*** SUPPLIED DATA

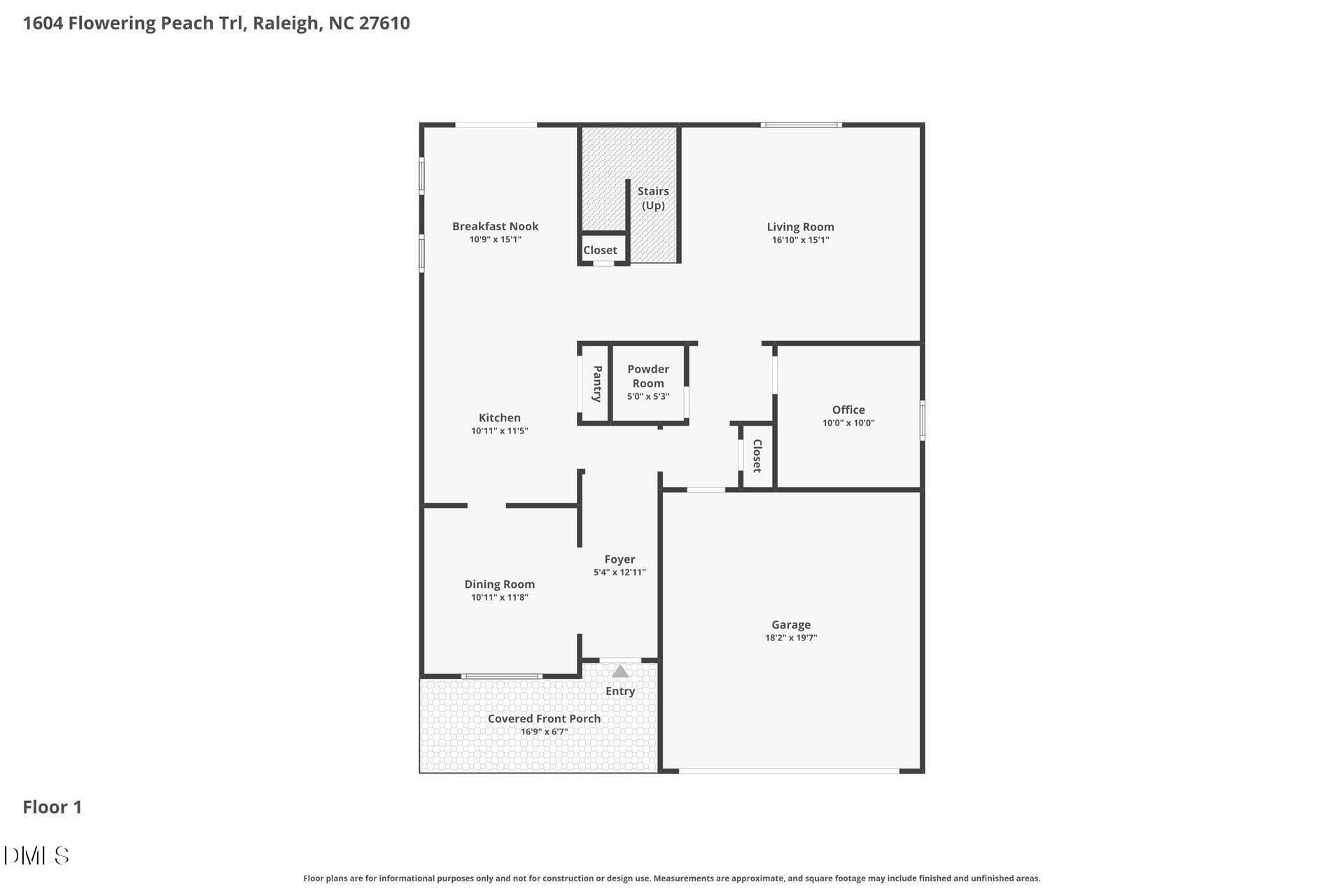 001-photo-floor-plan-15555754 - 1604 Flowering Peach Trail, Raleigh, NC 27610, Raleigh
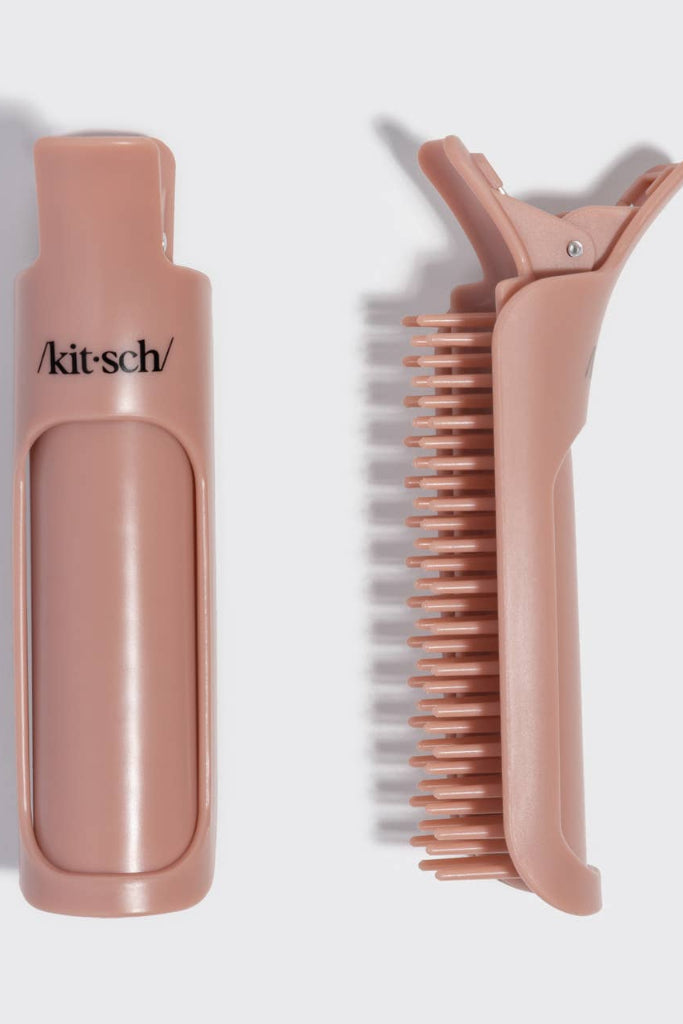 KITSCH - Hair Volumizing Clip 2pc Set - Terracotta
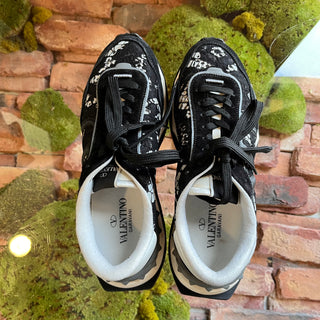VALENTINO Lacerunner Black Trainer Sneakers SZ39(9US)
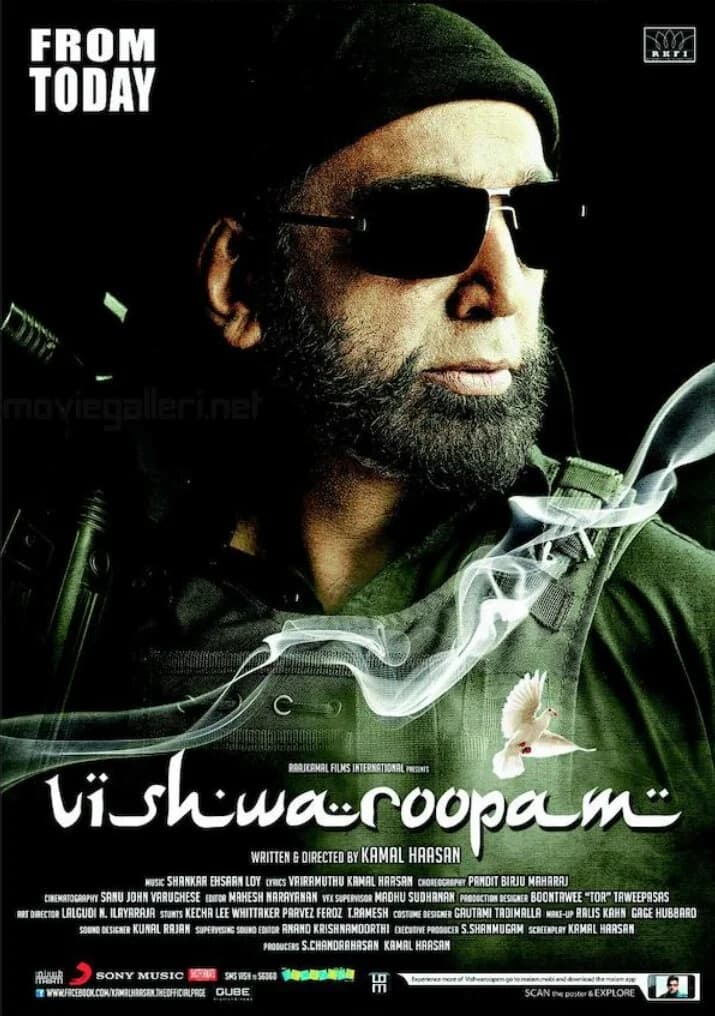 Poster of Vishwaroopam (2013) Hindi BluRay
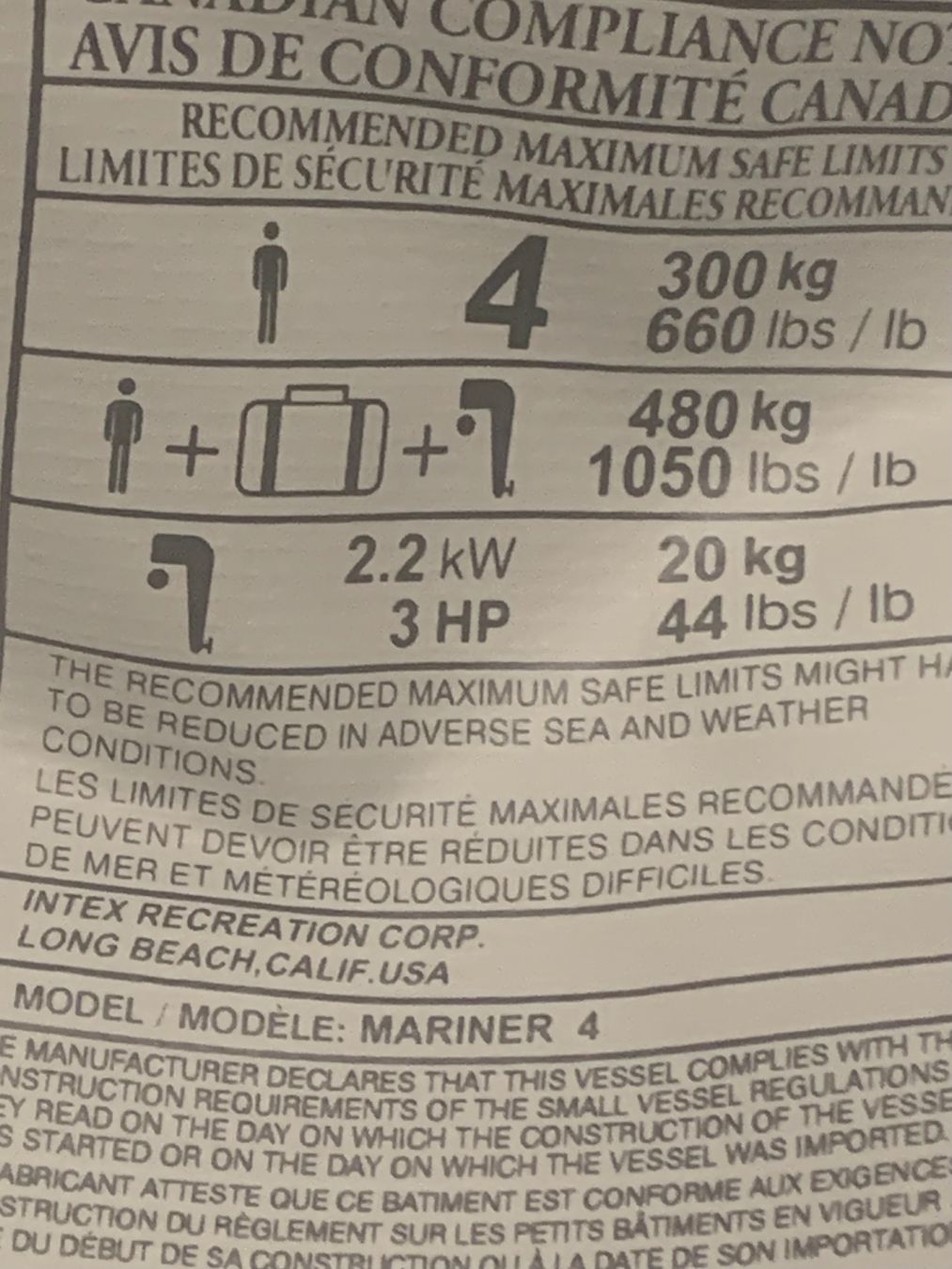Bateaux: Schlauchboot Intex Mariner4 – D'occasion à Wichtrach par russo 5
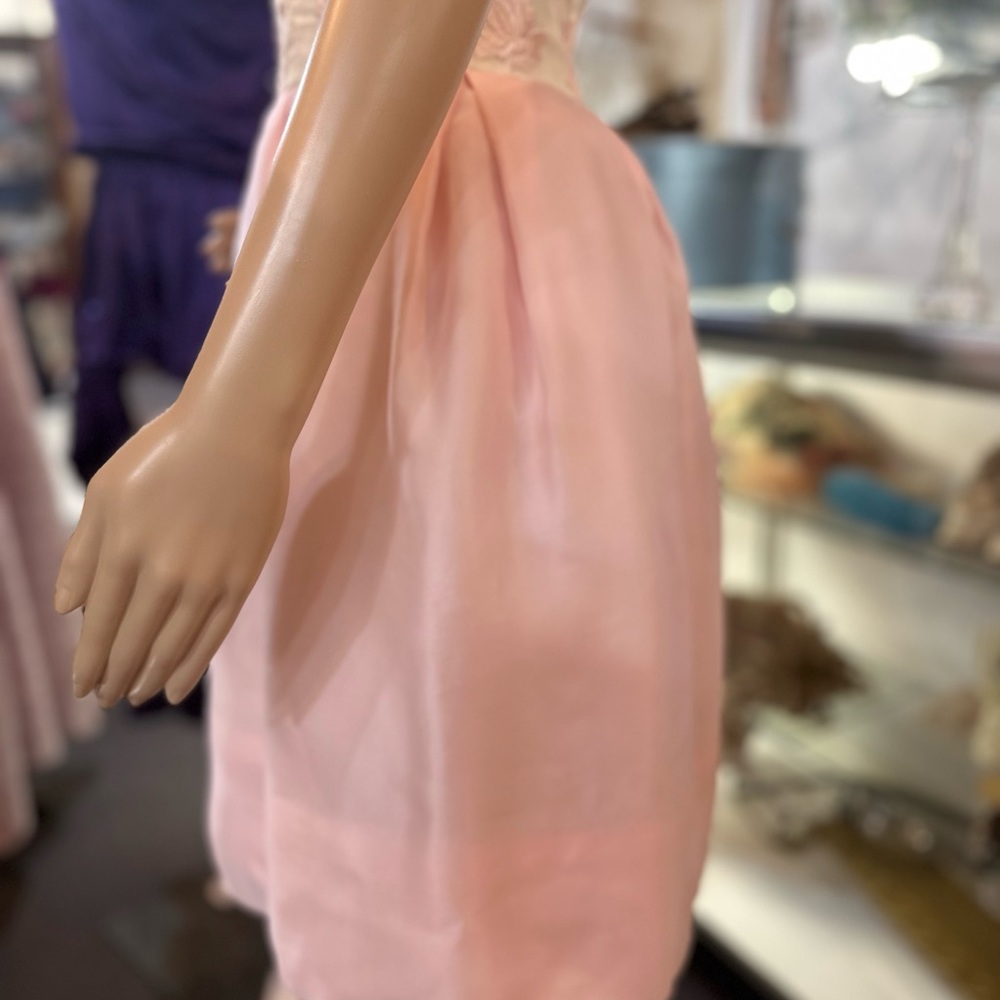 Barbie 60s Era Party Dress, Floral Embroidered Bodice & Poof Skirt - Picture 6 of 11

******

Set every record down again verbatim, without pictures.

 001-photo-floor-plan-15555754 - 1604 Flowering Peach Trail, Raleigh, NC 27610, Raleigh
 KITSCH - Hair Volumizing Clip 2pc Set - Terracotta
VALENTINO Lacerunner Black Trainer Sneakers SZ39(9US)
 Poster of Vishwaroopam (2013) Hindi BluRay
Bateaux: Schlauchboot Intex Mariner4 – D'occasion à Wichtrach par russo 5
 Barbie 60s Era Party Dress, Floral Embroidered Bodice & Poof Skirt - Picture 6 of 11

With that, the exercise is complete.